== Work instructions ==
In the records below, repeat word for word only the lines starting at the one that contains "Монитор Benq 27" and ending at the one that contains "Audi S4 Avant", pictures excluded.

== Available data ==
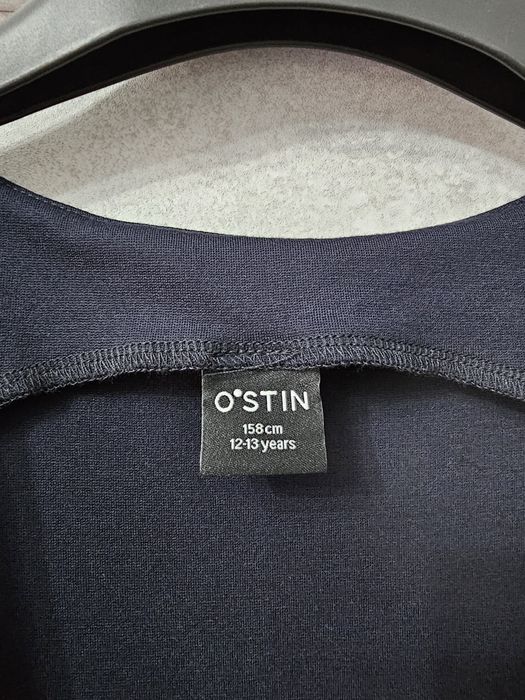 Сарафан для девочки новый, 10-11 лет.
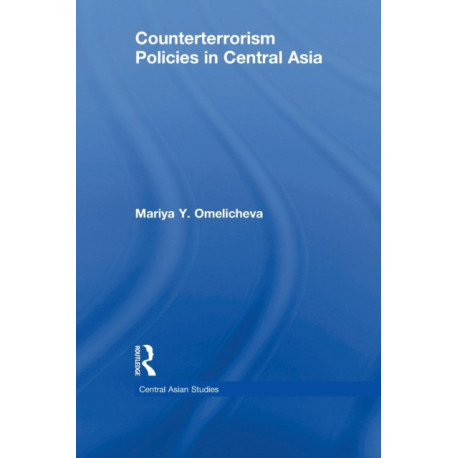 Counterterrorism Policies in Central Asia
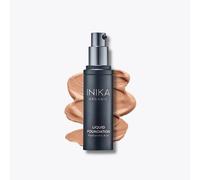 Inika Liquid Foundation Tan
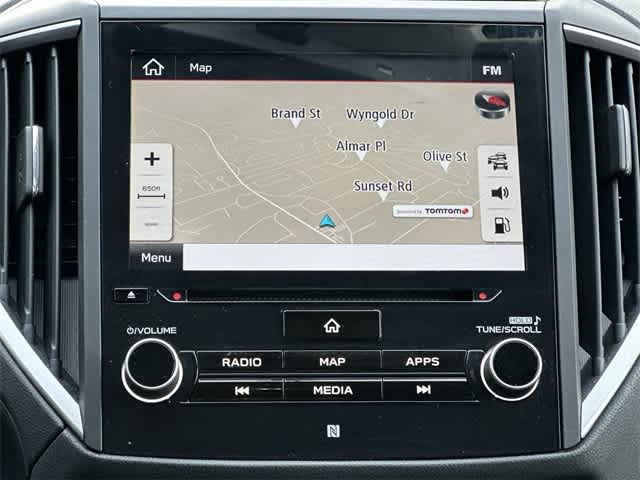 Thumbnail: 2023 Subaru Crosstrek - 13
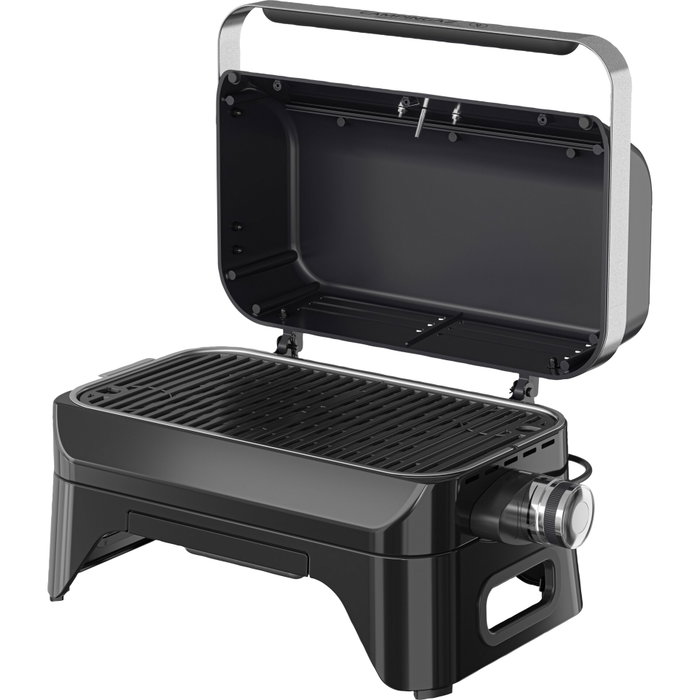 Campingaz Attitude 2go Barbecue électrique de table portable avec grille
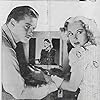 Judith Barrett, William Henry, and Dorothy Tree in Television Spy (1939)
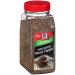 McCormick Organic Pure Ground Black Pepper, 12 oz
--
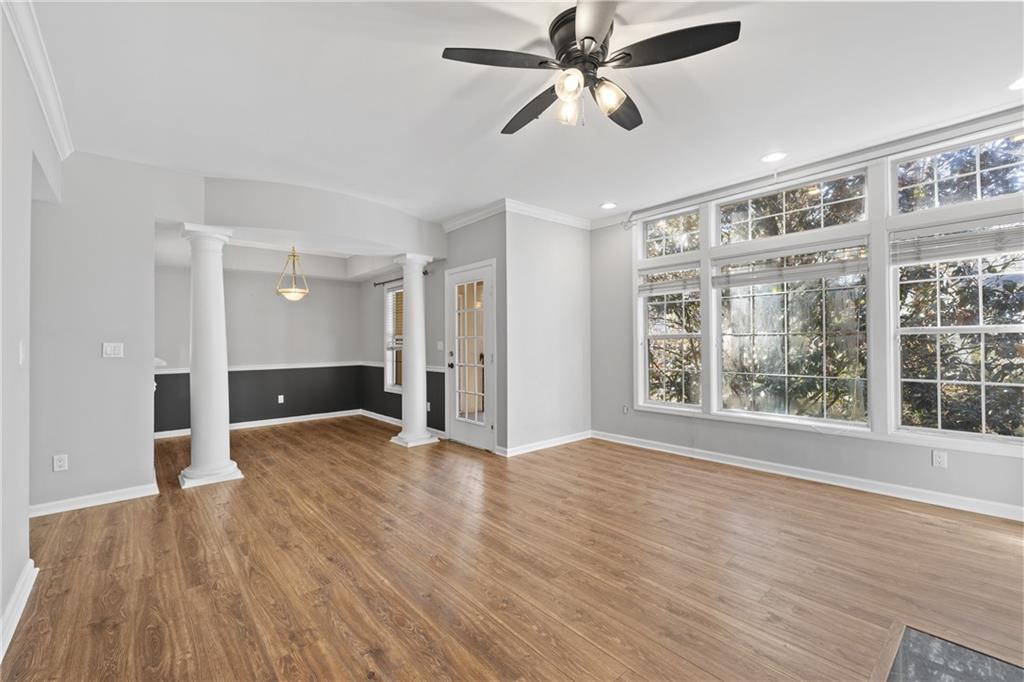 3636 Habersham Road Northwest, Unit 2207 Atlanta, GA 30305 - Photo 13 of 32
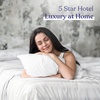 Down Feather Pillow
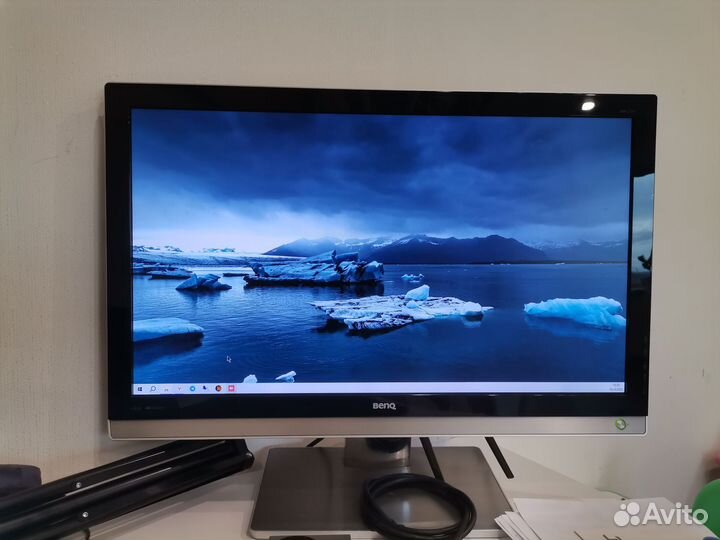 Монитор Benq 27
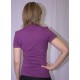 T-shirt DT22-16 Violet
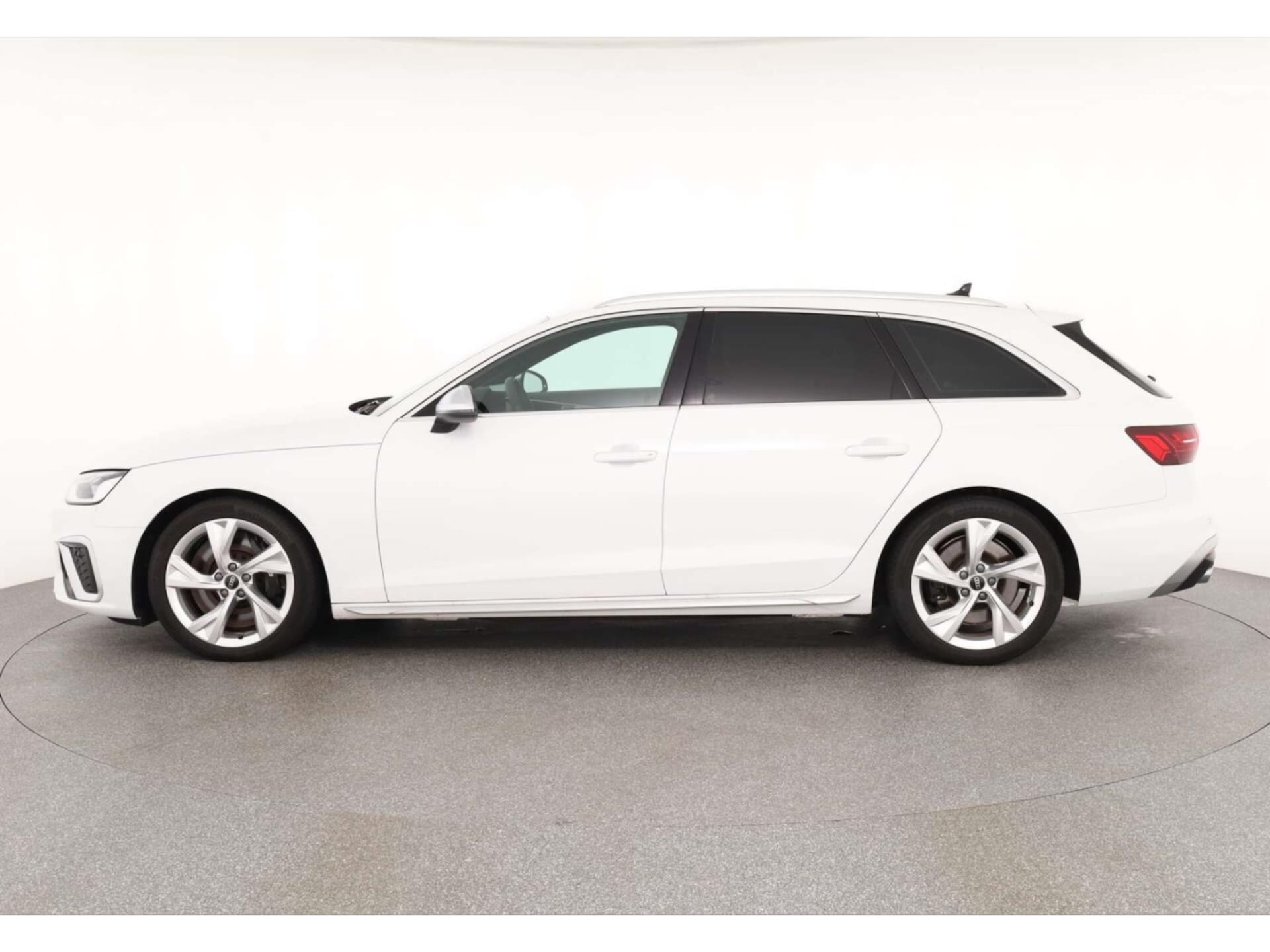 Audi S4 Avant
* * *
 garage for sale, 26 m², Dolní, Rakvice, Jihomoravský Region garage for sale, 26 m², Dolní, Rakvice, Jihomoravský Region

== Written response ==
 Монитор Benq 27
 T-shirt DT22-16 Violet
 Audi S4 Avant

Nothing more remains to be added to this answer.